>>96079060Ultralight is the wrong word. I guess I should say, something that works decently at level one with no special abilities. I've got a unique flock of buddies who get angry when they level up, because they don't want to remember the extra rules. "I get to use a special move? Ugh. I'm never gonna remember that."
So Savage Worlds is my solution, because it feels "complete" when running zero level characters with no special rules. Other systems don't feel like they're fully online until you've leveled up a couple times. I can give them a character with say, one spell, a pouch of grenades, an area-of-effect attack and nothing else. That's the level of mechanical complexity that they tolerate. My friends also, strangely, love the Minion mechanics where you can control a bunch of expendable hirelings. This is part of my strategy to groom them into playing skirmish wargames.
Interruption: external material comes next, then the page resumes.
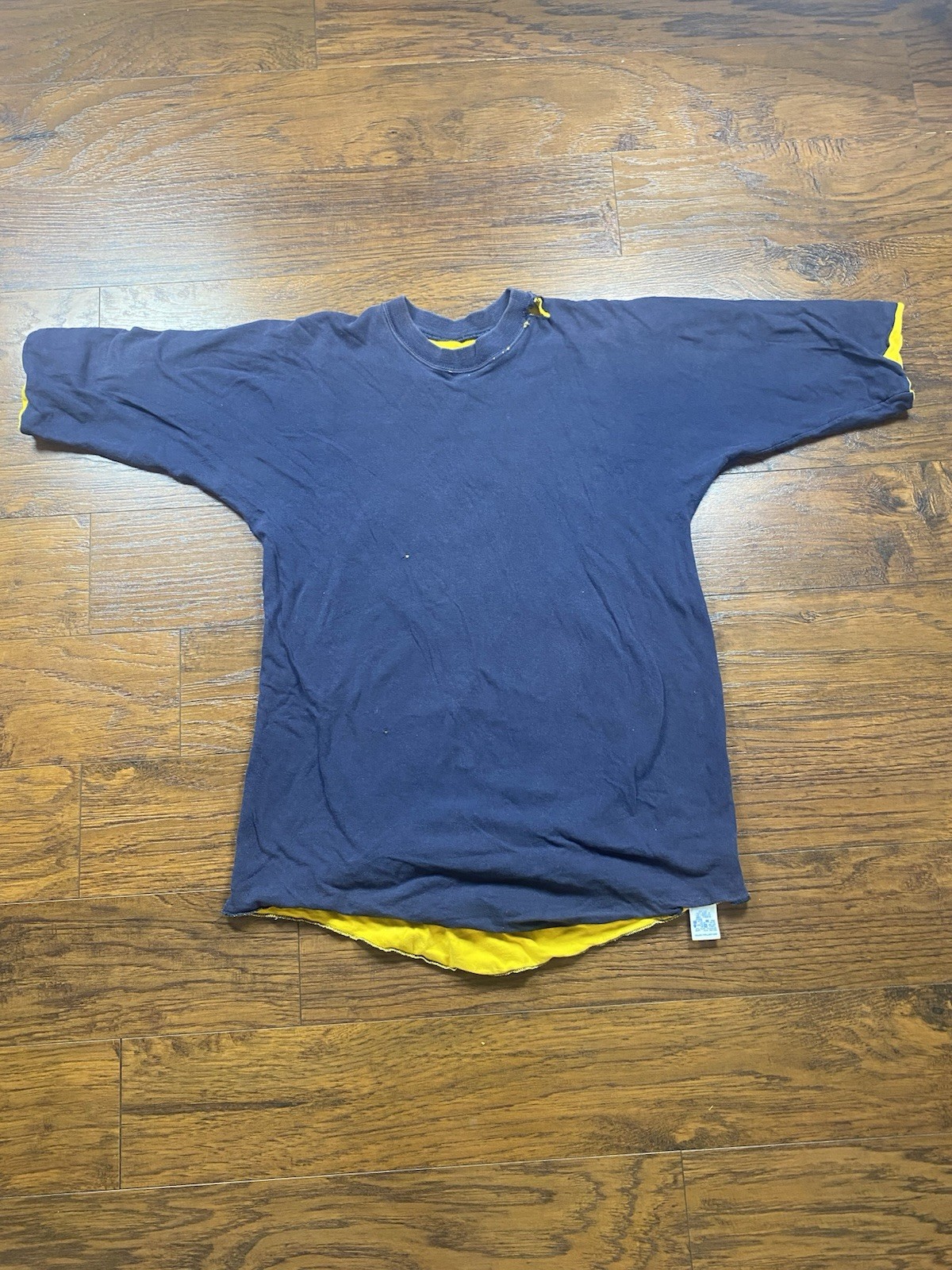 Vtg 80s Russell Reversible Shirt Navy/yellow Size XL Adult Thrashed Grunge gallery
It also is fun to use the "gritty" damage rules option for much higher-lethality games, but combined with my aforementioned nerf of Shaken. The amount of injuries that get rolled makes every fight feel quick, dangerous, and disgusting since everyone ends up with a pierced chest, a missing arm, etc. For my (generally one-shot) games, it makes individual encounters feel way more impactful than other systems and lowers the total amount of combat needed to make players feel satisfied. I know there's better systems, but this one just works for me. And yes, being able to trivially access PDFs of every rulebook helps.